Håkan Thörn

Cohousing and sustainable urban development: cases from Denmark, Germany, Spain and Sweden

Ecological concerns have increased the interest in modes of living that reduce the ecological footprints of everyday life. Rising estate values and de-regulations have increased dwelling costs. The economic crisis has made it more difficult for low-income groups to afford good housing. This is a background to growing demands today for new forms of dwelling.
This growing interest can be found in countries where co-housing has not previously been widely explored. The first international conference on the topic was held in Stockholm 2010. The 3rd International Conference on De-growth held in Venice in 2012, and the Sustainable Housing event within the EU project RESPONDER held in Barcelona in 2013, further explored co-housing.
Our project will investigate co-housing as learning experiences for socially and ecologically sustainable housing through case studies in Denmark, Germany, Spain and Sweden. Main research questions are how cohousing relates to power relations embodied in social categories such as class, gender and ethnicity and if and how social and ecological sustainability may contradict or support each other in co-housing practices.
Our cases are chosen partly for comparative purposes, partly to get a comprehensive picture of different forms of cohousing. We will use a qualitative comparative method selecting cases through identifying a limited number of significant similarities and differences, combining an analytic approach with empirical sensibility.
Final report

Aim of the project and developments during the research period

The aim of the project was to analyze what learning experiences different forms of cohousing provide for social and ecological sustainability in the context of housing policy. A part of the aim was to investigate if, and how, social and ecological sustainability may contradict or support each other in the practices of cohousing. In the course of the project we decided to add economic sustainability.

Early on in the project, we realized that local governance affected the practices of cohousing, and therefore we decided to carry out case studies in four, for the project particularly relevant, cities: Hamburg, Gothenburg, Copenhagen and Barcelona. The definition of cohousing has been an on-going discussion in the project. Since different definitions vary between different actors and countries, we decided to work with an open definition that emphasized “the common”.

How the project was carried out

The project was carried out through four main studies:
1) Governance and cohousing: comparisons of how local governance affects the practices of cohousing in Hamburg, Gothenburg, Copenhagen and Barcelona.
2) Overarching mapping of cohousing: Denmark and Sweden. Method/material: surveys. (In Spain the number of cohousing projects were too few to make a survey meaningful; in Germany the number of projects were so many that the resources of the project were not sufficient to do a full survey).
3) Micro-analysis: Focusing on forms of community, family, and the roles and experiences of children.
4) Relation between social and ecological sustainability: Footprint analysis of resource consumption related to income – case studies of four cohousing projects involving the variables urban/rural and high income/low income.
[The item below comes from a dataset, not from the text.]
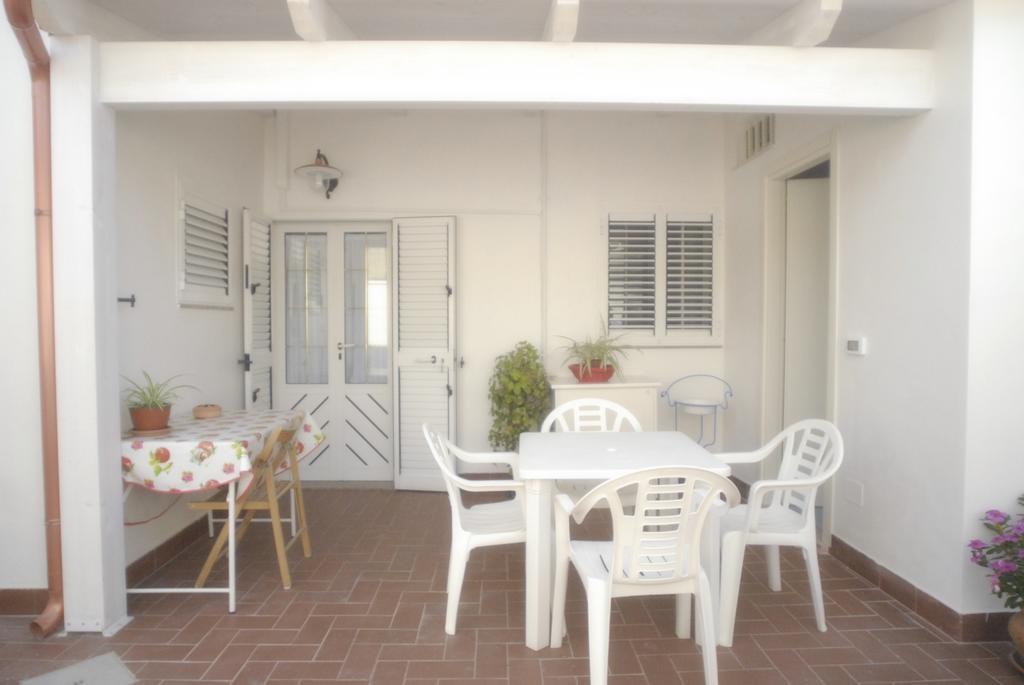 Casa Dei Furnari Apartamento Collepasso Exterior foto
The project also recruited additional researchers with research experiences in the four case countries: Henrik Gutzon Larsen, Department of Human Geography, Lund University, with experience of research on urban conditions in Denmark; Pernilla Hagbert, Urban and Regional Studies at the Dept. of Urban Planning and Environment at KTH, where she also worked with the post-doc project “Beyond GDP-growth - Scenarios for sustainable building and planning”; David Scheller, Potsdam University, Siri Kjellberg, Ph D student at Department of Human Geography, Lund University; and Lorenzo Vidal Folch, Universitat Autònoma de Barcelona.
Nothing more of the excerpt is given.